Guggenheim Case Argued

If you are a regulatory inverse condemnation junkie, and particularly if you are into takings in the rent control context, we highly recommend the report of our fellow blogger Robert Thomas, on yesterday’s oral argument before the U.S. Court of Appeals for the 9th Circuit, sitting en banc — that’s eleven federal appellate judges — in the case of Guggenheim v. City of Goleta.

Guggenheim is the case in which a three-judge panel of the 9th Circuit held 2 to 1 that the Goleta mobile home rent control ordinance was a taking of the landlord’s property because it monetized the controlled rent advantage, and allowed a departing mobile home tenant to sell it (i.e., to sell the right of occupancy at controlled rents) for a pretty penny to the successor tenant.

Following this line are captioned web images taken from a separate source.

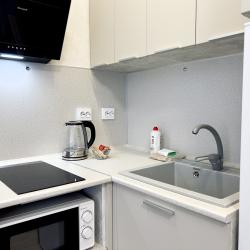 2-комнатные апартаменты стандарт в центре Тюмени с живописным прудом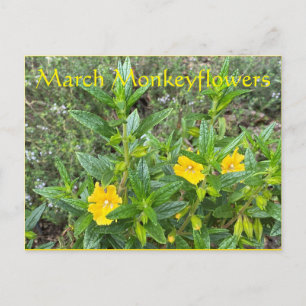 Postal Monkeyflowers de marzo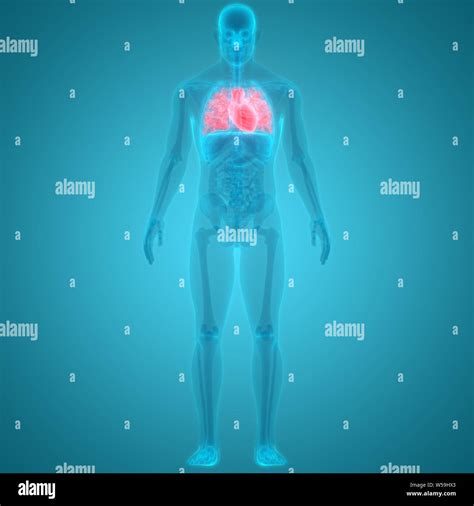 Human Circulatory System with Heart Anatomy Stock Photo - Alamy
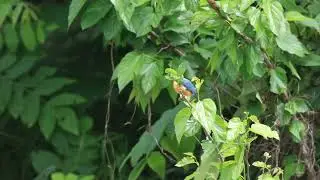 3705#カワセミ#水絡み#境川#Kingfisher#water entangled#20190522#2／2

There was evidence that a used mobile home in place, that had a fair market value of a few thousand dollars, would be sold by the departing tenants to their successors for six figures because it carried with it the right to occupy it at low, controlled rents. So what the ordinance thus accomplished was not a real reduction of rents, but a transfer of the landlord’s right to receive market rents to the tenant who could now disguise them as the “price” of the used mobile home and sell them to his successor, thus taking that money out of the landlord’s pocket.

Roberts offers a thorough, first class, three-part report on the oral argument. We recommend it — go to http://www.inversecondemnation.com/inversecondemnation/2010/06/ninth-circuit-rent-control-taking-case-guggenheim-en-banc-oral-argument-report.html

So the coin is in the air. Stay tuned.

What’s a puzzle to us is that no one, it seems, challenged the ordinance as arbitrary and irrational on its face. The essence of rent control ordinances is that they reduce rents. Here, however, the ordinance did not reduce rents for anybody except those few lucky tenants who happened to be in occupancy when the rent control ordinance was enacted. All other [successor] tenants had to pay market rent, albeit diguised as the artificially inflated price of the mobile home, that the departing tenants got to charge their successors. In other words,  the “price” of the used mobile home, was not really its price but the price of the right of occupancy at controlled low rents.

So it seems to us that a rent control ordinance that does not control rents and confers a windfall (at the landlord’s expense) only on the first generation of tenants  and soaks their successors is both irrational and invidiously discriminatory. Don’t you agree?